Synthetic (anilene) dyes exploded commercially* and in 1859 Nicholson and Maule came up with Roseine. In 1860 the French defeated the Austrians at the battle of Magenta in Italy and the colour was renamed in honour of the French victory ( it was the colour in Paris fashion that year).
*Anilene dyes were and are huge commercially, the A in the BASF , the worlds largest chemical company, stands for Anilin. Musk is destroying the US economy by destroying scientific research
KenK
Tom, the format is fine. Thanks for the article, I thought it is very positive and encouraging. Keep doing ‘sciencey’ stuff and who know what good will happen? It’s another touchstone to keep grinding through the next few years.
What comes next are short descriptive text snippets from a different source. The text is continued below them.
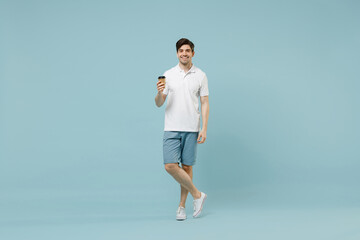 Fototapeta na wymiar Full size young happy fun man 20s in white casual basic t-shirt hold takeaway delivery craft paper brown cup coffee to go isolated on pastel blue background studio portrait People lifestyle concept
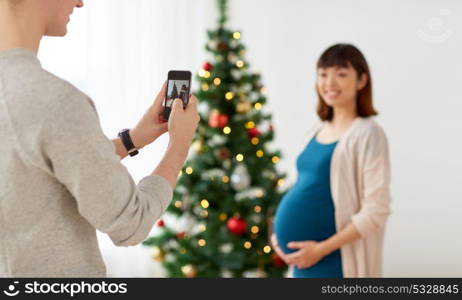 winter holidays, technology and people concept - happy husband photographing his pregnant wife by smartphone at home at christmas. husband photographing pregnant fife at christmas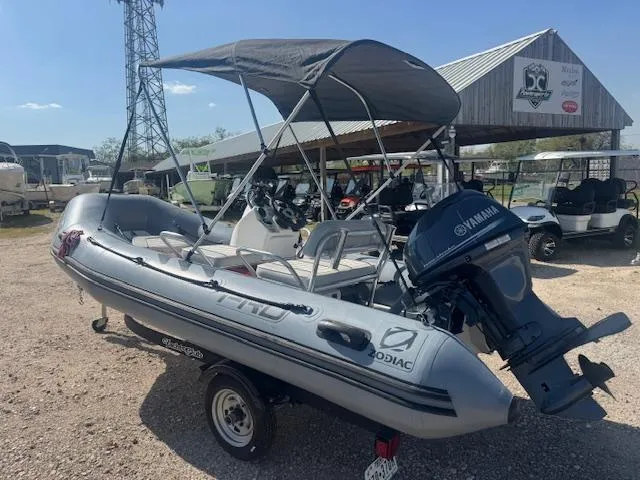 Slide: The Image of 2019 Zodiac Bayrunner 420 inflatable boat with Yamaha engine on trailer. - 1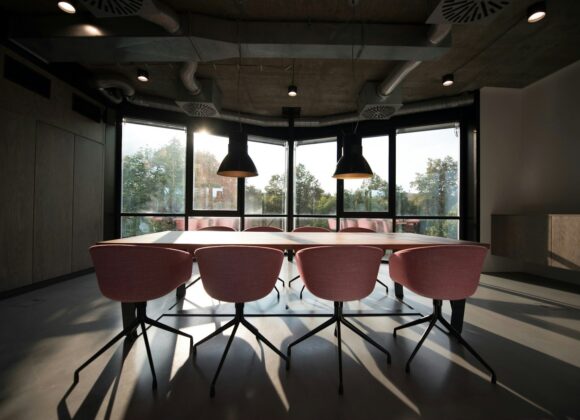 pink dining table with four chairs inside room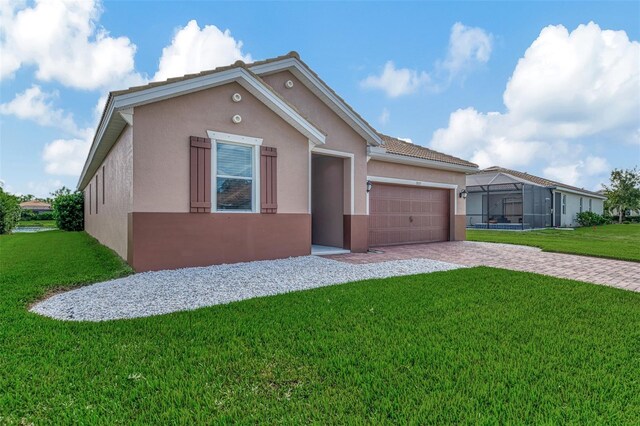 view of front of house with a garage and a front lawn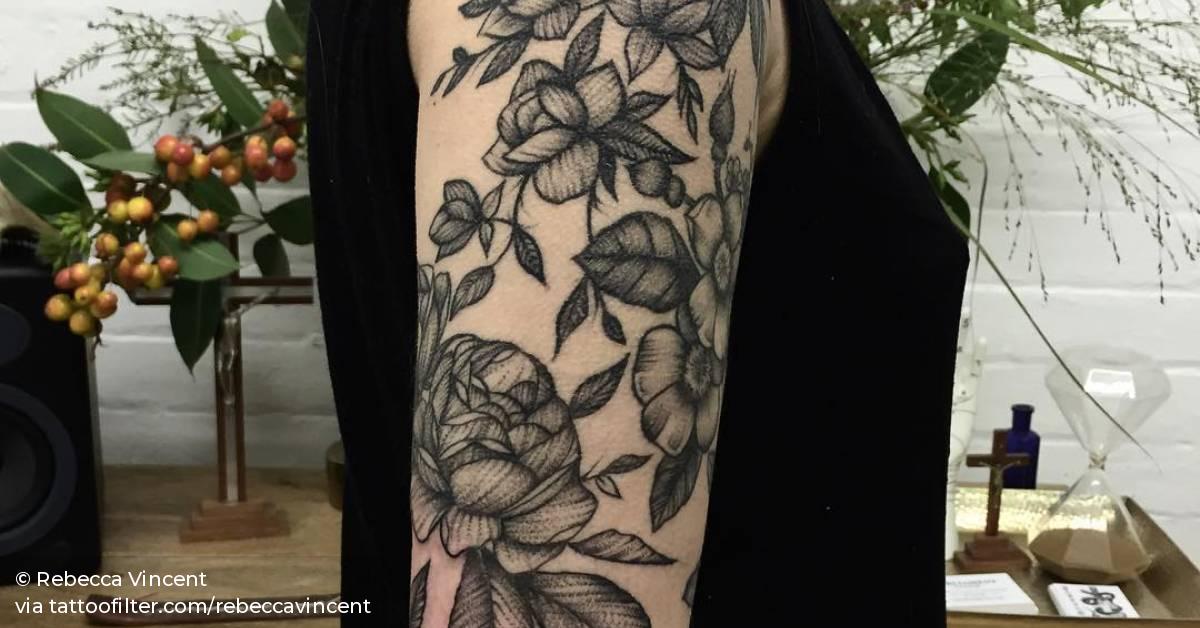 Blackwork style floral tattoo on the right upper arm.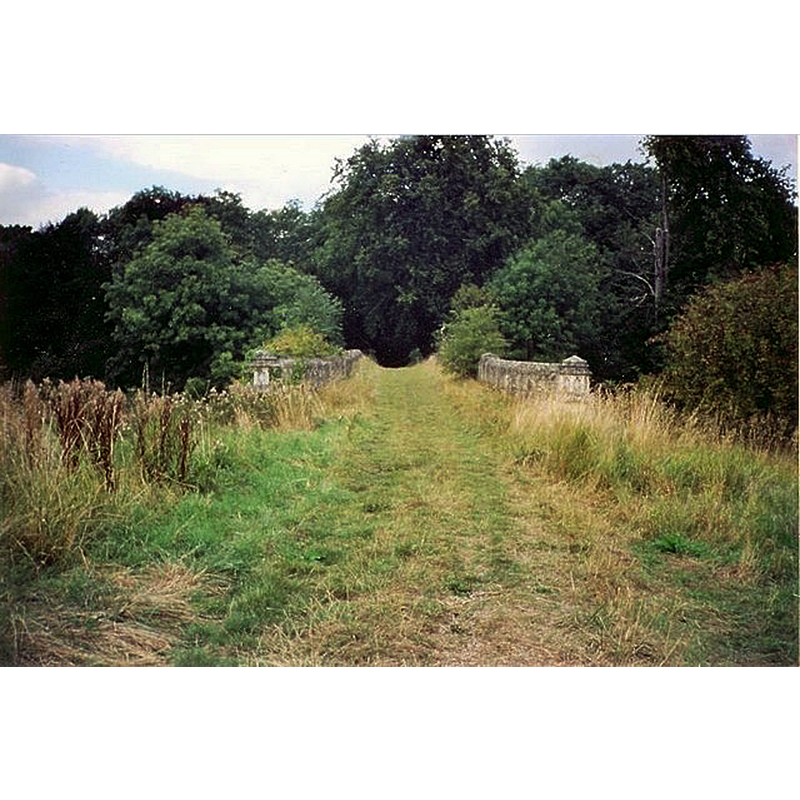 Source caption: "Located about two miles to the north-west of Habrough, this bridge was part of the grounds of an old abbey (Newsham Abbey) built around 1143. Long since demolished this bridge survives as does the lake and associated woodland."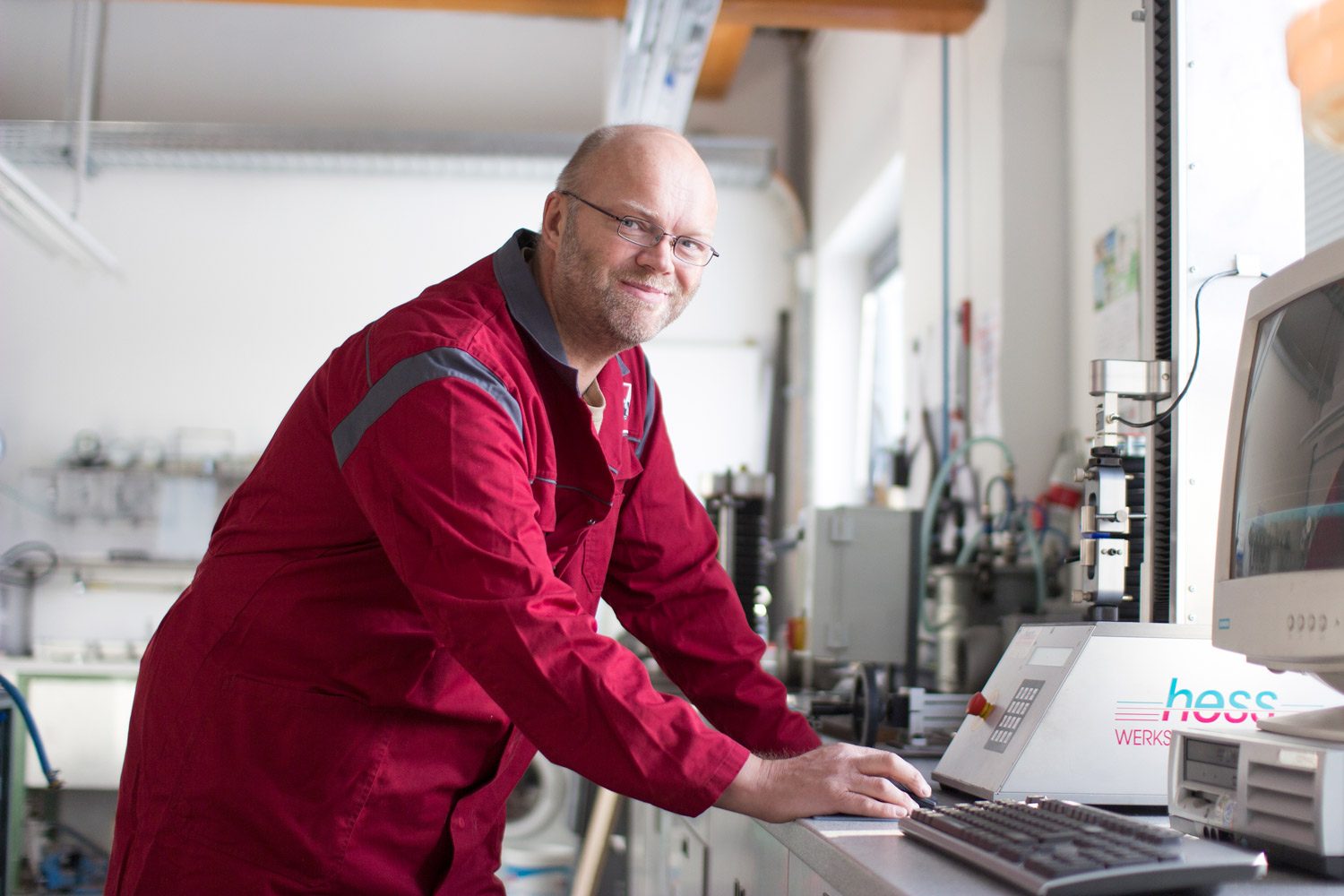 Employee stands in front of the desk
Thanks, again.
opiejeanne
@Tom Levenson: Tom, that was great, but why did he use green as the third color? It’s not a primary color. Yellow is the third primary color, green is a product of blending blue and green.
opiejeanne
@trollhattan: Are you old enough to remember the attempt to introduce color into tv programs, on b & w televisions? I think it was in the early 1960s.
Kayla Rudbek
@opiejeanne: for pigment, red/yellow/blue are primary colors, but for light sources, red/green/blue are primary colors (so your image sensor chip in your cell phone camera has a pixel array of red/green/blue color filters which add together and produce all the colors in the image).
pluky
@opiejeanne:
Building on Kayla. The cones in the retina are divided into three classes with sensitivity peaks at red, green, and blue wavelengths. excite R&G perceive Y.
https://en.m.wikipedia.org/wiki/RGB_color_model
🐾BillinGlendaleCA
Generally, you don’t expose that long, maybe a couple of minutes*; you just do it over and over again.
* My longest exposure time has been 5 minutes, but I’ve normally shot 3 minutes. Though I’ve seen some guys shooting 15 minute exposures, they usually have really good mounts and a lot of time to shoot dark frames.
Chris T.
@Kayla Rudbek: Actually the pigment colors are magenta, cyan, and yellow … which are the “in-between” colors made by mixing pairs of the additive light colors.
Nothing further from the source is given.